To do this, get a piece of cardboard about the size of a business card, and write a description of your smartphone—“iPhone in blue leather case,” for instance—and your password. Next, cover the password with two or three applications of correction tape. If the password is still visible when the card is held up to the light, simply apply correction tape to the other side as well. And there you have it: a DIY scratch card.
Keeping this card with your pension book, passport, or bank book makes it more likely to be discovered by your family should the unthinkable happen. By simply scratching the correction tape with a coin, your family will be able to break through the “impregnable fortress”—but increasingly one that must be breached—that is the smartphone password. At the same time, ordinarily, your password is hidden by the correction tape, so the risk of its being compromised is reduced. With a card, correction tape, and a pen, you can make one of these in less than three minutes.

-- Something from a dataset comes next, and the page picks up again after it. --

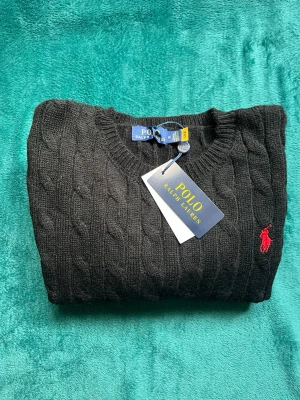 Svart kabelstickad tröja Polo Ralph Lauren - Kabelstickad svart tröja från Polo Ralph Lauren med klassisk röd broderad logga på bröstet. Tröjan har rund halsringning och ribbade muddar. Perfekt för dig som gillar stilrena och tidlösa plagg.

If you still have some energy left after making your password card, I also recommend organizing your digital assets in preparation for your death.
Estate falls into five main categories: obligations (the deceased’s liabilities and work in progress), assets (savings, financial instruments, and real estate), memories (family photos and mementos), secrets (information the deceased would rather not be discovered), and finally matters of lesser importance. Of these, it is the obligations, assets, and memories that your surviving loved ones generally want to find.
The situation is no different for digital estate. If you put your digital obligations, assets, and memories on your smartphone’s home screen or list them on a spreadsheet, your family will be able to find them easily should the unthinkable happen. By the same token, you should store any information you want to remain hidden somewhere completely separate. By securing this information in a place where no one looking for obligations, assets, or memories would come across it, and managing it with a separate app or protecting it with a password, you are more likely to be able to take it to the grave with you.
Note that you should include any work-related matters and secret savings in the obligations and asset categories. It is only the upper part of the pyramid that you need to prioritize.
If, in the process of organizing your possessions, you encounter an unneeded subscription, you can cancel it. This exercise is also a good opportunity for gathering scattered backups in one place. If, at the same time as organizing your affairs in preparation for your death, this exercise also makes your digital life on this earth a bit easier, then I think it is the best way you will find to order your digital possessions.